The total cost of jet fuel is normally found by adding the regional jet fuel swap on top of the regional distillate contract, in Europe the ICE Gasoil future and in New York, the ULSD (Ultra-Light Sulphur Diesel) (HO) futures contract. In Europe, the Jet CIF NEW v Gasoil futures swap trades around $70 per metric tons, the highest seasonal level in almost ten years.

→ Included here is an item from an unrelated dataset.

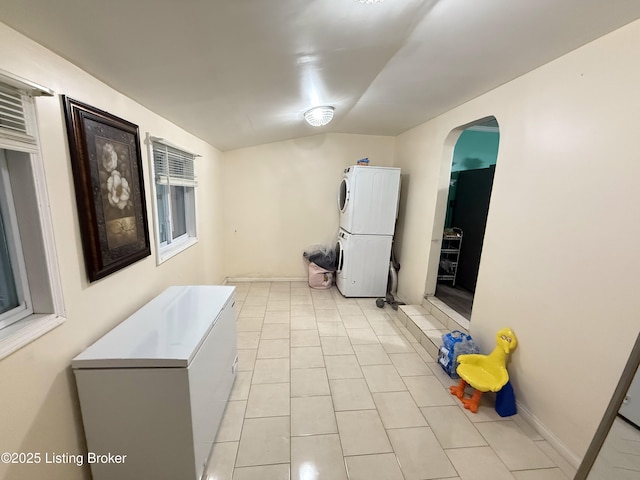 kitchen with light tile patterned floors and stacked washer and clothes dryer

Today, the market will be watching the weekly stock report from the EIA for further clues about the current market conditions. Last night the API (American Petroleum Institute) reported a hefty 11.5 million barrel drop in US crude stocks, being only partly offset by increases in gasoline and distillate stocks. The market will be watching crude stock levels at Cushing, the delivery hub for WTI futures, which according to API’s data could be heading towards the lowest level since January, some 20% below the seasonal average.

In addition, the market will be watching the impact of Hurricane Idalia as it gathers speed in the Gulf of Mexico, as well as developments in Gabon, a 200k barrel a day producer following reports of a military coup, four days after the central African nation held disputed presidential elections in which President Ali Bongo sought to extend his family’s 56-year hold on power.

The latest Commitment of Traders report covering the week to August 22, showed a second week of crude oil selling, but also a relatively strong belief in higher prices. During a five-week period that followed the Saudi production cut on July 1, hedge funds increased their net long in WTI and Brent by 190,000 contracts (190 million barrels) while the recent consolidation has only triggered a 42,000-contract reduction. It tells us a) the recent correction was not deep enough to force long liquidation, and b) the belief in higher prices remains.